When he graduated in 1937, his father urged him to apply to the University of the
South in Sewanee. "Dad had a great respect for Sewanee" and particularly
for Roy Benton Davis, Sewanee's professor of chemistry; and his urging prevailed.
Robinson matriculated in 1937, a member of the class of 1941, and attended for two years.
The University of the South, "Sewanee" to all who know it, was founded
shortly before the Civil War by the Episcopal dioceses of the southeastern United States.
It occupies a large, wooded domain -- the second largest campus in the United States --
on the rim of the Cumberland Plateau in southeastern Tennessee, roughly halfway between
Chattanooga and Nashville. While the college is known as "Sewanee," the domain
-- and, by extension, the college -- is usually referred to simply as
"The Mountain."
From the beginning, Sewanee modeled itself on Oxford University, and it has,
over the years, produced a disproportionate number of Rhodes Scholars. Even today,
professors teach in academic gowns, and the Order of Gownsmen, admission to which
is by academic achievement, provides the school's student government.

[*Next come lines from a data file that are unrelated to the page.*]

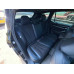 GEELY Monjaro Flagship 2.0T (238 hp) 8AT 4WD (I Поколение)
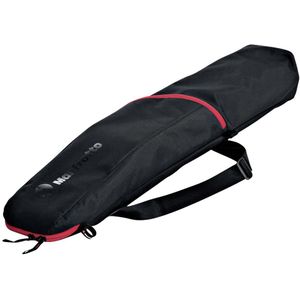 Manfrotto LBAG110 - Bag for 3 light stands large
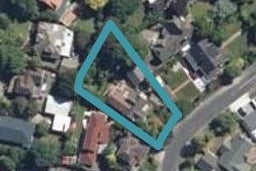 27 Matai Street, Woburn, Lower Hutt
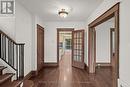 217 Melrose Avenue, Ottawa, ON 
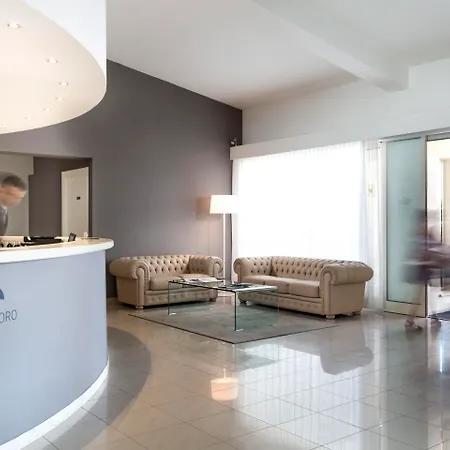 San Teodoro 4*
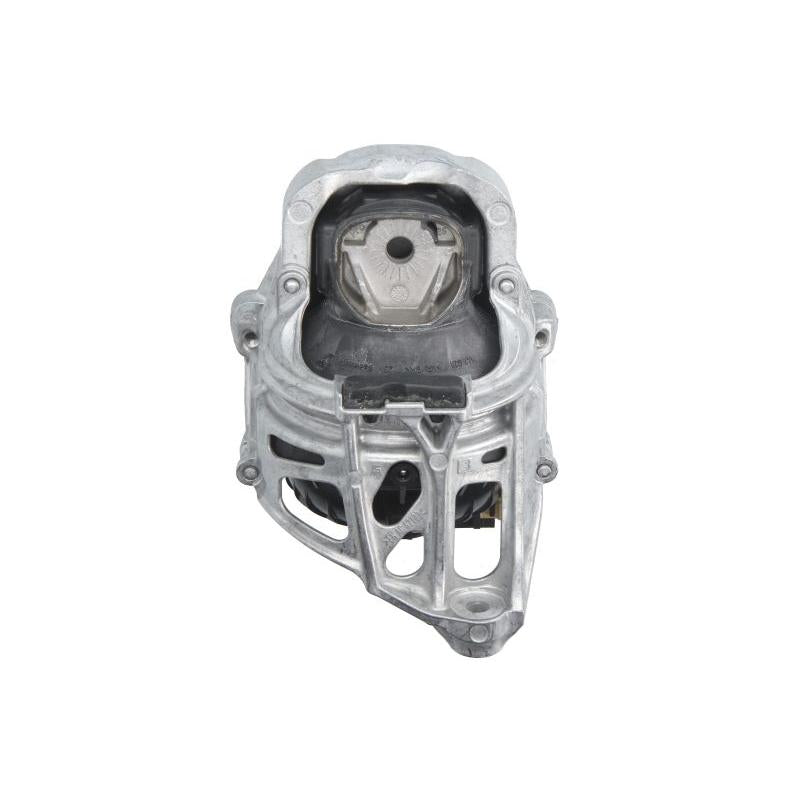 OE GERMANY OEG800618 Engine Mount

Sewanee is a place of great physical and architectural beauty, a distinguished
academic and intellectual tradition (the Sewanee Review is the oldest
continuously published literary review in the United States), and a pervading
sense of both place and history. It is a true statement that Sewanee exercises an
unusual attraction over those who -- like Charles Robinson -- have come to know it.

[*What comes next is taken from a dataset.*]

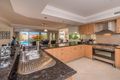 Property photo of 3 St Lucia Road Iluka WA 6028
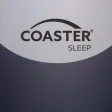 Coaster Sleep Coaster Sleep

During the summer between his freshman and sophomore years, Robinson studied geology
at the University of Michigan. In 1939, he transferred to the Michigan College of Mining
and Technology (today Michigan Tech) in Houghton, Michigan in order to continue the study
of geology -- Sewanee having no such course in its curriculum at the time. The war
interrupted his studies, and he graduated hastily in 1942, before completing his
work in geology.
After the war, Robinson found himself without marketable career skills, so he
enrolled in the doctoral program in the University of Colorado's Department of Geology.
He completed his course work before joining the USGS in 1948 and finishing his
dissertation in 1956.
Robinson spent seventeen years in the USGS. Since then, he has worked as a
private-sector geologist and engineering geologist throughout the Rocky Mountain West.
Today, he lives in Golden, Colorado; is president of his own company,
Mineral Systems, Inc.; and continues to practice as a consulting geological engineer.
He has published more than forty articles and books.